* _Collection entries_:
+++++

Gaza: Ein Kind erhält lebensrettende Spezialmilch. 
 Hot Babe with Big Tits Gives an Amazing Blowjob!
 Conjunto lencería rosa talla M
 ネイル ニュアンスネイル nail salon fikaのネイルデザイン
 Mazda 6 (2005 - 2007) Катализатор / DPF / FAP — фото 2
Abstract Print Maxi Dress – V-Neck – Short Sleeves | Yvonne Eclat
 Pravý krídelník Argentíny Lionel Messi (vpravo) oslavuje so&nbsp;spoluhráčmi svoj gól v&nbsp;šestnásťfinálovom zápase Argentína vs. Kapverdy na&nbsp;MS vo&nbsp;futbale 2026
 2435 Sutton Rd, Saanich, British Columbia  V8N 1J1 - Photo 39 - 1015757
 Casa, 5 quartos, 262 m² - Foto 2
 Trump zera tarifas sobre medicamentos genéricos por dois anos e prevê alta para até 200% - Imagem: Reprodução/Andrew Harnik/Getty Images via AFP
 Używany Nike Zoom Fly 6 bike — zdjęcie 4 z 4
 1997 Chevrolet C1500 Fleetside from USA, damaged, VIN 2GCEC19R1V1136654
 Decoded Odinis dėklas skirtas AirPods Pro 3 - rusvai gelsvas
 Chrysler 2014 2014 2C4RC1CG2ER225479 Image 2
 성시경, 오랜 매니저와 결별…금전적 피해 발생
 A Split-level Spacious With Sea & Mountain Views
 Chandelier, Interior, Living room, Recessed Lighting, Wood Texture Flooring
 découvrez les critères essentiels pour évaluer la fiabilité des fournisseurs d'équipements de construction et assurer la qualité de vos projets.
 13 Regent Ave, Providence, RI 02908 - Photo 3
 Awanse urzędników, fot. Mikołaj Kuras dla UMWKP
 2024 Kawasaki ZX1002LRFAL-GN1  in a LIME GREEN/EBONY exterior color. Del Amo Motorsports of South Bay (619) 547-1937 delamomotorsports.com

+++++

Repeat the lines above exactly.

* _EXERCISE OUTPUT_:
Gaza: Ein Kind erhält lebensrettende Spezialmilch. 
 Hot Babe with Big Tits Gives an Amazing Blowjob!
 Conjunto lencería rosa talla M
 ネイル ニュアンスネイル nail salon fikaのネイルデザイン
 Mazda 6 (2005 - 2007) Катализатор / DPF / FAP — фото 2
Abstract Print Maxi Dress – V-Neck – Short Sleeves | Yvonne Eclat
 Pravý krídelník Argentíny Lionel Messi (vpravo) oslavuje so&nbsp;spoluhráčmi svoj gól v&nbsp;šestnásťfinálovom zápase Argentína vs. Kapverdy na&nbsp;MS vo&nbsp;futbale 2026
 2435 Sutton Rd, Saanich, British Columbia  V8N 1J1 - Photo 39 - 1015757
 Casa, 5 quartos, 262 m² - Foto 2
 Trump zera tarifas sobre medicamentos genéricos por dois anos e prevê alta para até 200% - Imagem: Reprodução/Andrew Harnik/Getty Images via AFP
 Używany Nike Zoom Fly 6 bike — zdjęcie 4 z 4
 1997 Chevrolet C1500 Fleetside from USA, damaged, VIN 2GCEC19R1V1136654
 Decoded Odinis dėklas skirtas AirPods Pro 3 - rusvai gelsvas
 Chrysler 2014 2014 2C4RC1CG2ER225479 Image 2
 성시경, 오랜 매니저와 결별…금전적 피해 발생
 A Split-level Spacious With Sea & Mountain Views
 Chandelier, Interior, Living room, Recessed Lighting, Wood Texture Flooring
 découvrez les critères essentiels pour évaluer la fiabilité des fournisseurs d'équipements de construction et assurer la qualité de vos projets.
 13 Regent Ave, Providence, RI 02908 - Photo 3
 Awanse urzędników, fot. Mikołaj Kuras dla UMWKP
 2024 Kawasaki ZX1002LRFAL-GN1  in a LIME GREEN/EBONY exterior color. Del Amo Motorsports of South Bay (619) 547-1937 delamomotorsports.com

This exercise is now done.